In the past few years, multicarboxylic acids and their derivatives have attracted increasing attention as an important class of ligands used for the synthesis of porous metal organic framework compounds (Eddaoudi et al. 2002; Eubank et al. 2011; Zhang et al. 2012). The acid molecule in the title compound, as a conformationally flexible V-shaped long bicarboxylate ligand, has been already used to synthesize entangled frameworks having both polyrotaxane and polycatenane characteristics that also achieve different topological structures in the entangled system (Cao et al. 2009a; Hu et al. 2013). Although there are crystal structure reports in the literature regarding the title multicarboxylic acid, no crystallographic study has been already performed on the ligand itself.

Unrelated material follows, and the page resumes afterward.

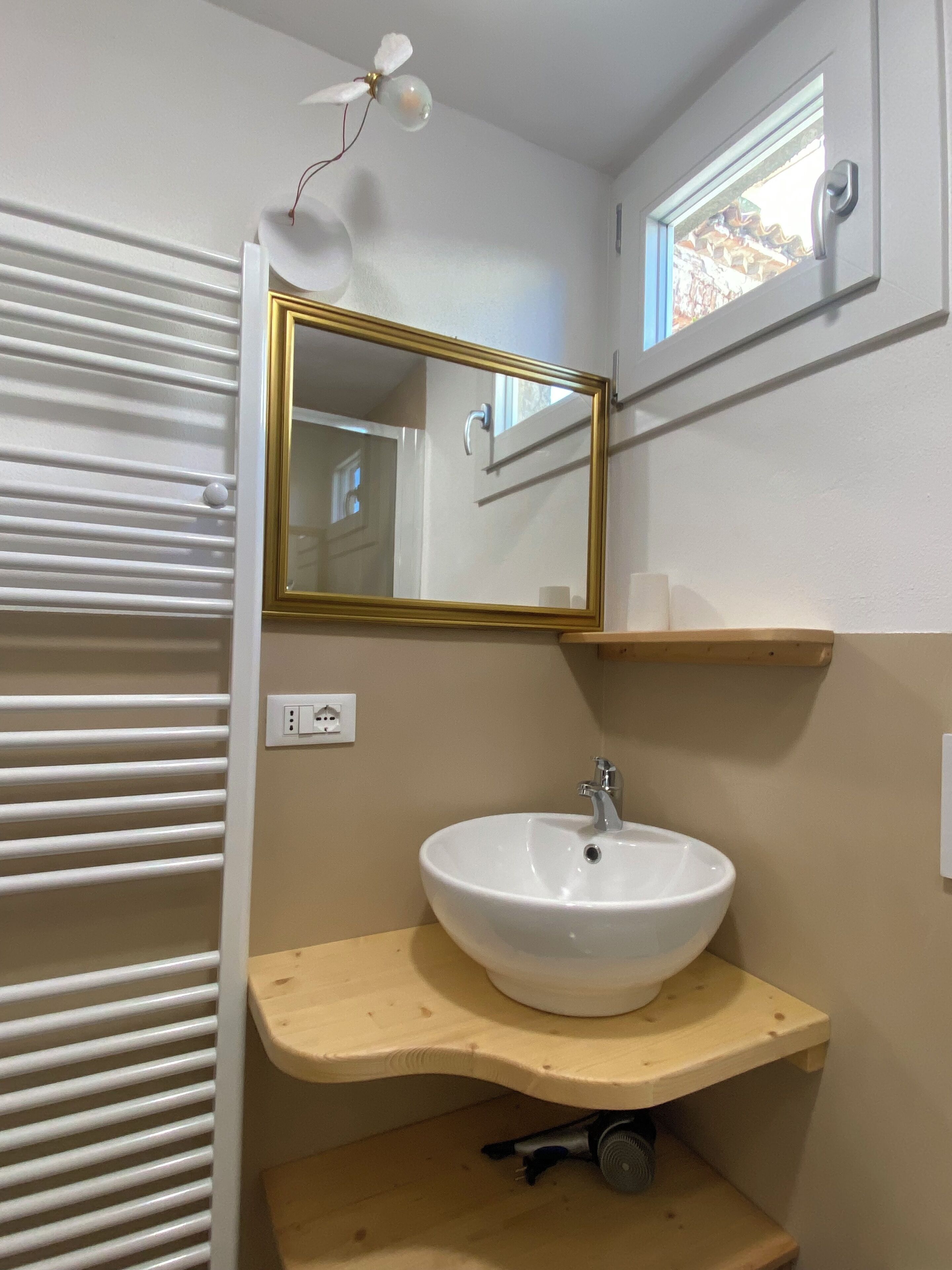 Douche, sèche-cheveux, serviettes fournies, papier toilette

The crystal structure of the title compound is composed of 4,4'-(1,2-phenylenebis(methylene))bis(oxy)dibenzoic (dicarboxylic) acid and N,N-dimethylformamide and has monoclinic symmetry (space group: C2/c). The acid molecule adopts an E configuration, and contains a crystallographic C2 axis passing through the central benzene group (Fig. 1). The dihedral angles between the benzene rings are 45.44 (5)° and 54.53 (5)°, values which are significantly smaller than those in metal organic frameworks containing the acid molecules with an E configuration (where the acid molecule loses both protons from the carboxylic groups); for example, [Zn(1,2-BAB)(4,4'-bipy)1/2]n (4,4'-bipy = 4,4'-Bipyridine) and [Cd(1,2-BAB)2(phen)2]n (phen = 1,10-phenanthroline) the dihedral angles range from 58.2 (1)° to 70.9 (1)° and from 65.6 (1)° to 84.7 (1)°, respectively (Cao et al. 2009a,b).
In the crystal, the acid molecule are linked to the solvent molecules by a strong O—HO and a weak C—HO hydrogen bond [Table 1 (entries 1 and 4) and Fig. 1]. Besides, weak intermolecular C—H···O interactions link the adjacent acid molecules into a three-dimensional network [Table 1 (entries 2 and 3) and Fig 2].